What platform should you insist on ?

  • If budget is very important to your project, choose LAMP. If you expect the website to have more than 50,000 visitors / week or if you website is required to handle more than 5,00,000 records, go for PostGreSQL and PHP.
  • If you already have a current software in java, go for JSP or Struts.
  • If you want easy manpower and good commercial technical support go for .NET
  • If you know what you are doing and are confident of pulling it off, only then go for any of the other options.

Important aspects of website development, while choosing your website development vendor.

  • Security
  • Scalability
  • Search Engine Optimization
  • Portability
  • Maintenance
  • Administration

Security

Security is a key consideration of a website development project. A website development company should be chosen if they have experience in developing secure websites. The content of the website whereever should be password protected. A thumb rule here is no person outside the group of webmasters or administrators should be able to modify any content on the website without approval from the administrators. When you negotiate your deal with the website development company
Scalability

Your website needs to be scalable. Scalable means if your website is fortunate enough to reach the top in its category, can it handle the traffic of visitors ? Was the website development project planned with careful insight so that popularity of your website does not cause loss of potential business because the development company did not envisage the popularity. It is important for you to question your website development company to find out the limits of your website and the time/effort estimates required to scale the website to the next level.

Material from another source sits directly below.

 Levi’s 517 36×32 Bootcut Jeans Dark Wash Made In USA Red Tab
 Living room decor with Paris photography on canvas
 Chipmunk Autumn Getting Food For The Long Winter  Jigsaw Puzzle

Search Engine Optimization

A website needs to be accessible to search engines as well as optimized so that publicly accessible portions of the website driver more visitors to your website. Your wesite development company needs to understand this requirements and design website in a search engine friendly manner. You contract with the website service provider should clearly include the measures that will be taken by the website development company to ensure Search Engine Optimized pages.

Portability

Portability of a website refers to the dependencies of a website on other technologies. A website may not be 100% portable, but it should be portable to an alternate technology with minimum effort and downtime. The world of internet changes very dynamically, Operating Systems, development platforms become obsolete within a matter of months. Is your website development company prepared for such an event ? What measures have they taken to ensure that the product that the develop for you is not entirely dependent on a single entity or person.

Maintenance

Maintenance of a website is a critical component of the success of any website. A common mistake by customers is to pay more attention to the development of the website as compared to the maintenance phase. The inclusion of a maintenance phase is your website development contract is a must. Usually the maintenance cost is 20% of the development cost and includes technical support from the development company, change of labels etc. Maintenance usually does not include changes to functionality or additional features.

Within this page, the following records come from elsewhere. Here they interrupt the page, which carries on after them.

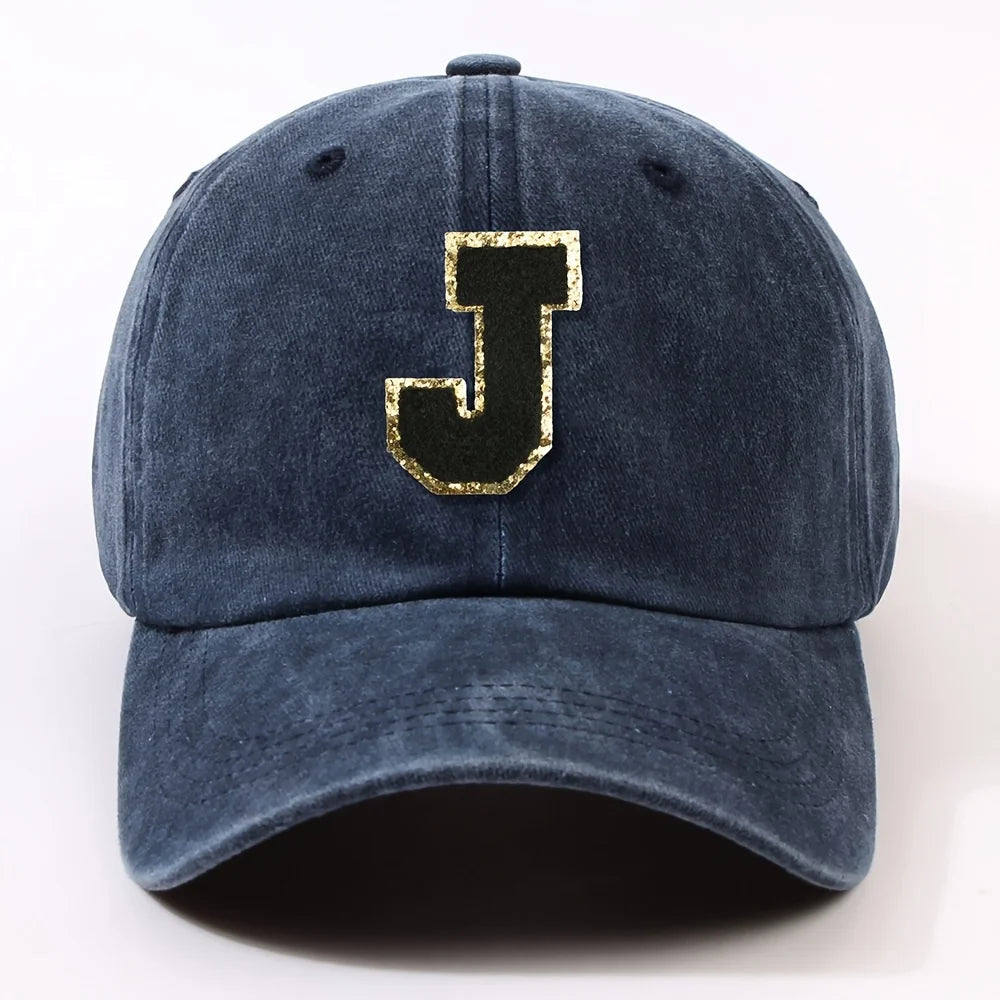 Fashionable 26 Letter Stick Label Hip-Hop Baseball Cap Hat for Men and Women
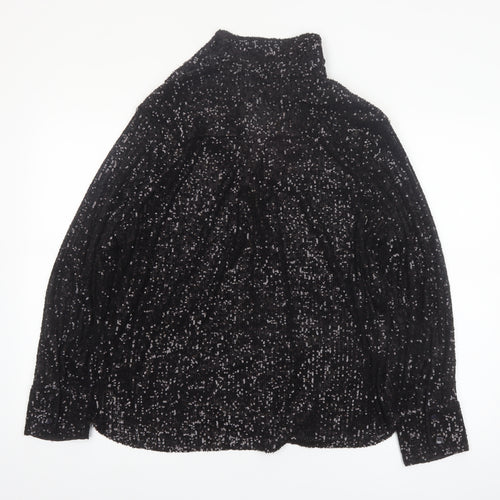 Marks and Spencer Women’s Black Sequin Button-Up Long Sleeve Top Size 16
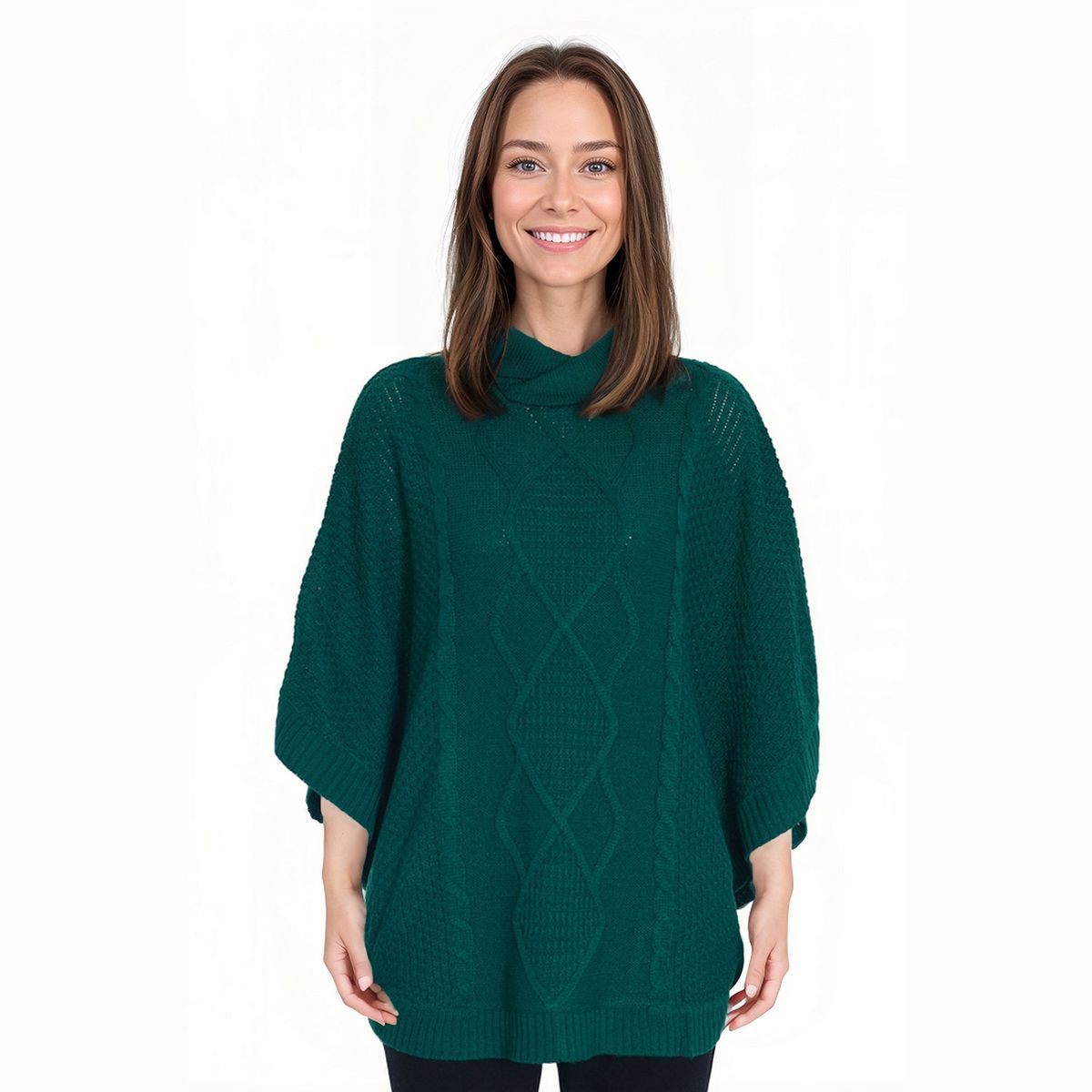 FASHION'S PARK - Sweater Mujer Poncho Verde Fashion's Park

Administration Website administration in this article refers more to administration and management of 3rd party components that support your website. This primarily includes the upkeep of software installed on your hosting providers servers. Administration staff of the website require clear documentation on how to get the website up and running in case of an emergency or failure. The website development company must provide information on the tasklist for deployment of the website on a fresh server and restoration of website data. You as a customer need to know if the administrator clearly understand the tasklist and have been trained by the website development company to perform the same.

Terms of use

You may use, copy and modify the content of this article for your personal, non-profit or commercial use as long as you maintain a link to this page on your page which contains this article in the same or modified manner. The link text for this article should be Article on website development. The code to place a link should be <a href=”http://www.simply-geniass.com”> Article on website development</a>

Automatic Semantic Link Builder

Tuesday, May 8th, 2007

Semantically most useful links for your webpage and others - Automatically !

The Automatic Semantic Link Builde(ASLB) is very complex programming algorithm that is very simple to use. The script can be installed in your .net , .php or plain html pages and left to function on its own.

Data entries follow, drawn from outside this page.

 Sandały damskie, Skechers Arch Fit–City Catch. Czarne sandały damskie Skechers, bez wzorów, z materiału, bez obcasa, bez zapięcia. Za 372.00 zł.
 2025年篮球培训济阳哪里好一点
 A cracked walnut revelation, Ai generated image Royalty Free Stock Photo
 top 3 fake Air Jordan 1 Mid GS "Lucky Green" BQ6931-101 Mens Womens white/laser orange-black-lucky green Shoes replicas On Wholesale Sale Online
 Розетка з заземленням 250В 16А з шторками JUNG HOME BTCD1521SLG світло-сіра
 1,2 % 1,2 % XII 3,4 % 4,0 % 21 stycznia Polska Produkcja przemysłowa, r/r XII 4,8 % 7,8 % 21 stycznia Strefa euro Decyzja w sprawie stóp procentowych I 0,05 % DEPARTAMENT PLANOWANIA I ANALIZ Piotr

The script will generate a list of URLS on your page that will be visible to your visitors as well as search engine crawlers who crawl your page. So does that mean that the script will drive out traffic from your website. Yes. It will.

But copies of this script will also bring in visitors and improve the ranking of your page.

How does it work ?

ASLB front script will publish links on your website for other pages on the internet, you will be allowed to prevent certain links from showing on your website(such as your direct competition). The links to your pages will be shown onthrid party website pages which contain data relevent to your webpage’s content.

What happens at the backend ?

The main ASLB servers continuously distribute links for website and decide on which links to show where, while doing this the following rules are applied.

  1. No reciprocal links are generated.
  2. Inbound is always equal to outbound.
  3. PageRanks of involved pages play a part in the inbound:outbound ratios.
  4. Links remain where they are for a minimum of 30 days, unless removed for spamming.
  5. Only a single ASLB script can be installed in a webpage.
  6. HTML header tags play an important role.

Can I use ASLB on my website ?

No. Not yet, but soon. Bookmark this page. The Automatic Semantic Link Builder is currently in its alpha stages of development and is being tested on over 500,000 webpages. The ASLB is expected to be released in the month of March, 2008 for public installations.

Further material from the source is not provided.